Aber im vergangenen Jahr hatten Sie mit einem Plus abgeschlossen.

Selbst in sehr guten Jahren kommen keine Überraschungssummen in die Kasse. Zum Beispiel 2011, in einem starken Jahr ohne überdurchschnittliche Zusatzkosten – das Jahr 2012 ist ja noch nicht abgeschlossen – betrug das Plus keine 5000 Euro. Selbst unter idealen Begleitumständen kann es also nicht gelingen, frisches Eigenkapital zu generieren.

Warum fehlt es an dem entsprechenden Eigenkapital?

Über viele Jahre mit knapp bemessenem Haushalt musste das Theater seine Reserven angreifen, ohne dass es eine adäquate Anpassung in der finanziellen Ausstattung gab. Irgendwann ist die „Sparbüchse“ alle. Daran sieht man, dass es da eine Schieflage gibt in der Grundausstattung.

Im Augenblick liegt die Auslastung der Vorstellung bei nur 70 Prozent.

Es ist uns gelungen, die Auslastung in den letzten drei Jahren zu steigern. Das Jahresresultat 2011 ist sehr gut und markiert in etwa das, was das Theater in Potsdam leisten kann. Wir müssen darum kämpfen, dass möglichst viele Menschen mit unterschiedlichen Erwartungen und Theaterglücksvorstellungen zu uns kommen. Das Bedürfnis nach Vielfalt wird wachsen. Und wir versuchen mit unserer Arbeit, sensibel und ambitioniert darauf einzugehen.
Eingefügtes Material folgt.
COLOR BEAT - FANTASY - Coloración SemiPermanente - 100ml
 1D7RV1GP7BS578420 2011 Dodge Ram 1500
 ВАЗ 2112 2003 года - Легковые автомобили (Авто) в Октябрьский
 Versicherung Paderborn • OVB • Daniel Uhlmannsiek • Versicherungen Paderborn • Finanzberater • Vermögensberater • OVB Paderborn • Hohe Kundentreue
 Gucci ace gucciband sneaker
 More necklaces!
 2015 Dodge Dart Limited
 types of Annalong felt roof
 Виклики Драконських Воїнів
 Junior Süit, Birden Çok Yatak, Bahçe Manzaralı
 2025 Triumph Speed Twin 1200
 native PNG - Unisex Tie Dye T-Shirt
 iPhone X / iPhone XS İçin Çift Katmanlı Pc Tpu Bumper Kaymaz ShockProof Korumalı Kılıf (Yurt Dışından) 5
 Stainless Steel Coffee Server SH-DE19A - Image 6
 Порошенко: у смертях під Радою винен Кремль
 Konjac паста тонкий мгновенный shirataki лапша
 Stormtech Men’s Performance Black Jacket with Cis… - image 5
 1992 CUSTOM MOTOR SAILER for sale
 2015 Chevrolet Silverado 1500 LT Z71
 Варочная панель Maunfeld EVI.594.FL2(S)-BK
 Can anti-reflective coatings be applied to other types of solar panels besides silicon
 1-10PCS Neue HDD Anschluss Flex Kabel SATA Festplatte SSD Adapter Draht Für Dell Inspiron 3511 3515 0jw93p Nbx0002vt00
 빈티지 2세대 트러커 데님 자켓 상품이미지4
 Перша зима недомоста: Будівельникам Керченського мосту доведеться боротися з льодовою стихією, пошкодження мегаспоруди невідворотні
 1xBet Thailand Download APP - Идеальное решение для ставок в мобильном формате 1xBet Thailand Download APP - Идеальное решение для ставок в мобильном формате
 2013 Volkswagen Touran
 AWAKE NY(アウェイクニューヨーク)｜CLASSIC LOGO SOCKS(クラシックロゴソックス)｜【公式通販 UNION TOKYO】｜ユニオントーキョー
Das Eigenkapital fehlt, regelmäßig haben Sie mit finanziellen Problemen zu kämpfen – kommt man als Intendant da nicht irgendwann an den Punkt, sich doch der Quote zu beugen und auf solche Erfolgsinszenierungen wie „Der Raub der Sabinerinnen“ mit einem Star wie Katharina Thalbach in der Hauptrolle zu setzen, wie es Ihr Vorgänger Uwe Eric Laufenberg gemacht hat?

Inszenierungen wie „Der nackte Wahnsinn“ oder „Außer Kontrolle“ sind großartige Komödien, handwerklich und spielerisch auf hohem Niveau, die dem Publikum und uns selbst Spaß machen. Wir müssen Stadttheater allerdings als einen künstlerischen Raum begreifen, als einen geschützten Raum für Kunst beschreiben – das ist unsere Aufgabe. Kunst und Unterhaltung schließen sich in unserem Verständnis natürlich nicht aus. Die Subventionen von Stadt und Land dienen der Produktion von künstlerischer Wirklichkeit. Das ist etwas sehr Kostbares, Besonderes und vor allem Unverzichtbares für ein modernes Gemeinwesen. Jede Stadt ist stolz, einen solchen Kunstraum zu haben, einen eigenen Ort, an dem produziert wird, an dem ein Ensemble wie in Potsdam arbeitet. Die Schauspieler arbeiten hart, proben mit ihrer geistigen und emotionalen Kraft, und nach acht Wochen ist ein Theaterabend entstanden, der Neues über uns erzählt und den es nirgendwo sonst gibt.

Es sind aber immer wieder Stimmen zu hören, die vor allem von der Finanzierbarkeit eines Theaters sprechen.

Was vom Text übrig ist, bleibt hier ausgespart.